When Buddha started to teach, he said, “This is the path to liberation and the liberation depends on you.” Even after more than 2500 years, this path has proven to be more relevant to this age and time. Likewise I’ve a strong feeling that our tourism policy can never go wrong for our country, whose direction, content and pace of development are guided by the noble philosophy of Gross NationalHappiness. Thus, rampant “undercutting” (and fronting) can’t assure the sustainability of Bhutan’s tourism industry.
As a concerned citizen, I see undercutting (and fronting) as a great risk for Bhutan’s image as travel destination. All the stakeholders in the industry have made their share of sacrifices to create a positive image for the country as a destination, and we must at any cost safeguard this image before it is too late. Undercutting (and fronting) is certainly not a way to sustainable responsible tourism in the country. Once this image is gone, Bhutan will pay a heavy price for generations. Better safe than sorry for the sake of our future generations. The responsibility lies with Tourism Council of Bhutan, as the regulatory body, to monitor tourism operations.
As a regulatory and monitoring body, the Council has been weak in this regard. In recent years, there have been many cases where tour operators have forged bank slips, Visa cards and even tampered Drukair tickets, but no serious action has been taken against those defaulters. Action taken against such defaulters must be given in the print media and circulated among stakeholders to inform of such bad practices. This will discourage others.
If we are concerned about cultural dilution, environmental degradation, social problems, then we must respect and uphold our unique policy. A few weeks back, on a BBS TV interview, a tourism Council official mentioned about self-monitoring, but who do you expect to monitor, when it comes to making a quick buck? With undercutting (and fronting), Bhutan’s tour operators, hoteliers and other suppliers may gain or lose, depending on how they play their cards, but Bhutan will certainly be the loser.

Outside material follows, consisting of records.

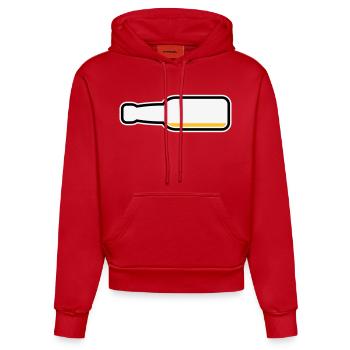 Bouteille de bière vide (Symbole bière bière / 3C) - Sweat à capuche bio ajusté fabriqué en UE - rouge - Devant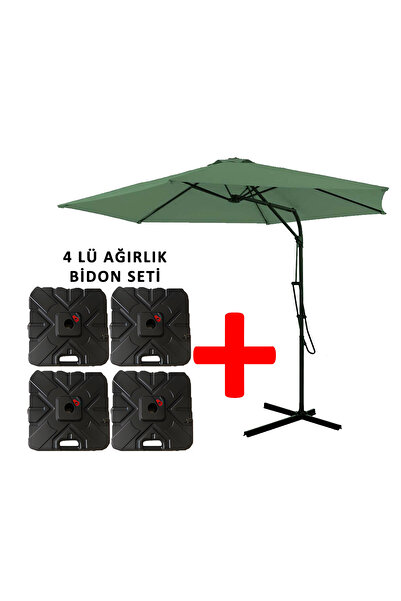 GUNBO HOME 3 Mt Şemsiye + 4 Lü Ağırlık Seti Havuz Şemsiyesi Bidonlu, Bahçe Şemsiyesi, Teras Şemsiyesi Set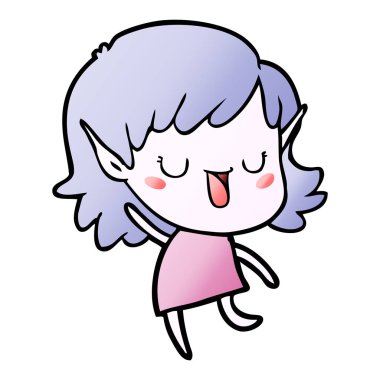 vektör çizim karikatür elf kızı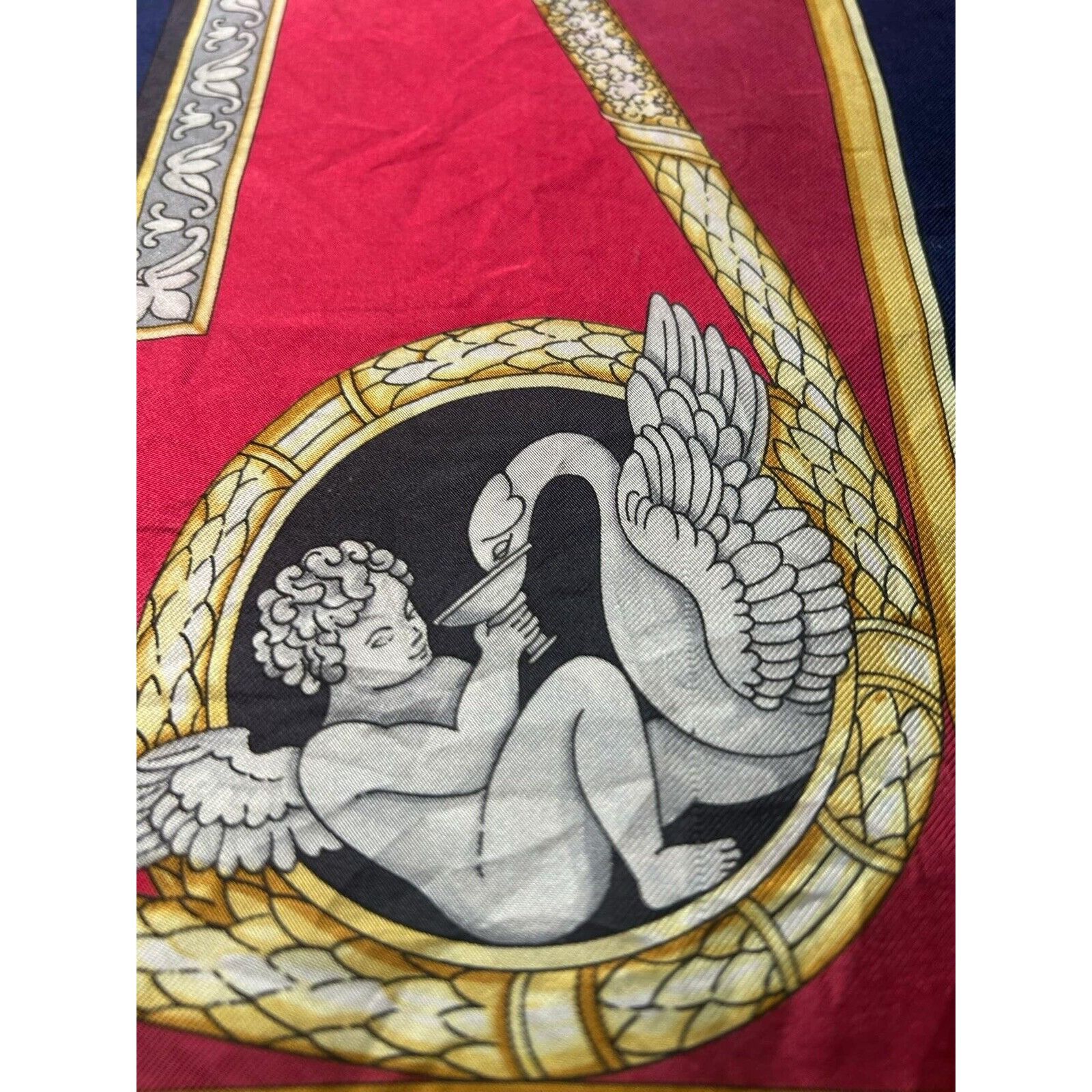 Pierre Balmain PIERRE BALMAIN Red & Blue Godess & Angels Print Silk Scarf Size ONE SIZE - 6 Thumbnail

If Bhutan loses now, our future generations lose too. Undercutting (and fronting) is a serious problem, like in other industries, and there is no room for complacency for all concerned authorities, but it’s now time to act. Bhutan’s tourism industry must serve the people for generations to come; with undercutting (and fronting), Bhutan will land up serving the outside like other countries not far from us. Let us save Bhutan, before it’s too late.